Summary

Summary#

In this workshop, we covered:

1. Understand how to profile Python code and identify bottlenecks

  • Measure the time of cells, functions, and programs to find bottlenecks e.g., using timeit and line_profiler.

  • Visualise the profiled code e.g., using SnakeViz and pyinstrument.

  • Log profiling information e.g., using Eliot.

  • Consider how fast the code could go e.g., Big O notation.

2. Understand how to choose the most appropriate data structure, algorithm, and libraries for a problem

  • Make use of the built-in functions e.g, use len rather than counting the items in an object in a loop.

  • Use appropriate data structures e.g., append to lists rather than concatenating, use dictionaries as fast to search look-ups, cache results in dictionaries or tuples to reduce repeated calculations.

  • Make use of the standard library (optimised in C) e.g., the math module.

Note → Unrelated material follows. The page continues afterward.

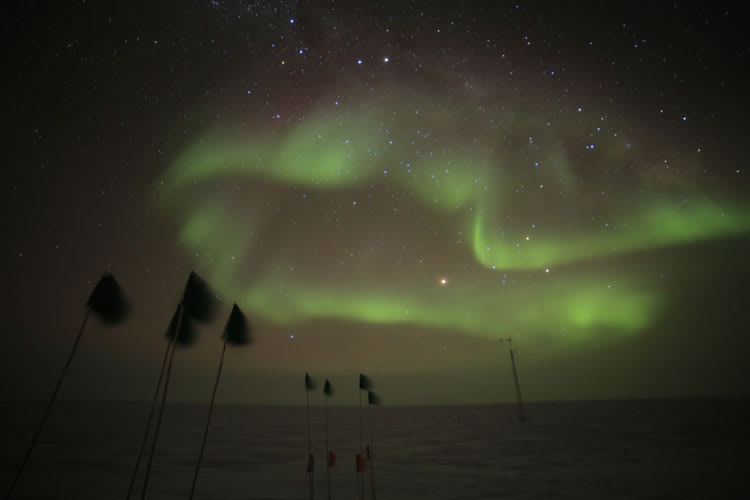 greensquigglyaurora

  • See whether there is an algorithm or library that already optimally solves your problem e.g., faster sorting algorithms.

3. Improve the execution time of Python code using:

  • Vectorisation

    • Take advantage of broadcasting for different shaped arrays.

    • Use vectorised functions where you can e.g., NumPy ufuncs.

  • Compilers

    • Speed up numerical functions with the Numba @njit (nopython) compiler.